- Record excerpts:
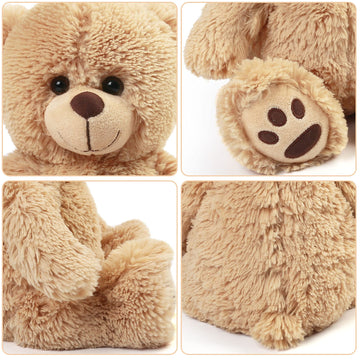 Lotfancy Teddy Bear Stuffed Animal, 15 Inch Brown Teddy Bear Plush Toy, Cute Hugging Gift For Kids On Christmas Valentine'S Day, Easter Decoration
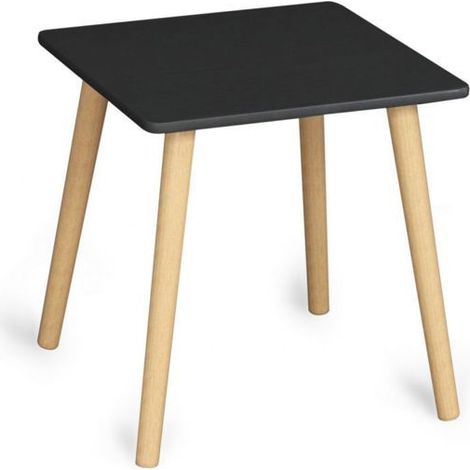 Table d'appoint - JUANIO - Design scandinave - Noir & bois naturel - Bois massif - Carrée 40x40x40 cm (1/4)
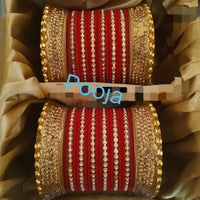 Pooja Bangles Gold Plated Mirror & Thread Bangles Set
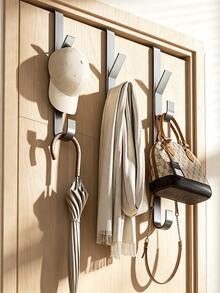 Space Saving Vertical Design Storage Hanging Hook Rack Heavy Duty Metal Multipurpose Towel Rack No Drill Mop Holder Shower Clothes Hanger Wall Mounted Towel Hooks Without Drilling Room Decor Bathroom Home Decor Bathroom Decor Key Holder - View 8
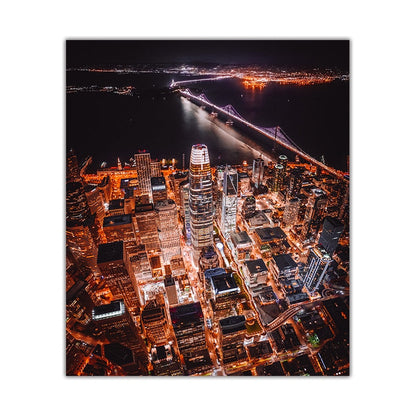 Night Cities Skylines Canvas Art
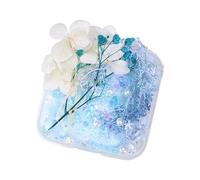 Décoration florale en résine inspirée de la nature avec pierres mélangées, perles et perles séchées en verre pour décoration d'intérieur, fournitures de bijoux en fleurs séchées légères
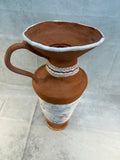 Large 21" Terra Cotta Vase with Southwestern Design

- Exercise prompt:
Copy each line of the records precisely and drop any images they hold.

- Written reply:
 Lotfancy Teddy Bear Stuffed Animal, 15 Inch Brown Teddy Bear Plush Toy, Cute Hugging Gift For Kids On Christmas Valentine'S Day, Easter Decoration
 Table d'appoint - JUANIO - Design scandinave - Noir & bois naturel - Bois massif - Carrée 40x40x40 cm (1/4)
 Pooja Bangles Gold Plated Mirror & Thread Bangles Set
 Space Saving Vertical Design Storage Hanging Hook Rack Heavy Duty Metal Multipurpose Towel Rack No Drill Mop Holder Shower Clothes Hanger Wall Mounted Towel Hooks Without Drilling Room Decor Bathroom Home Decor Bathroom Decor Key Holder - View 8
 Night Cities Skylines Canvas Art
 Décoration florale en résine inspirée de la nature avec pierres mélangées, perles et perles séchées en verre pour décoration d'intérieur, fournitures de bijoux en fleurs séchées légères
 Large 21" Terra Cotta Vase with Southwestern Design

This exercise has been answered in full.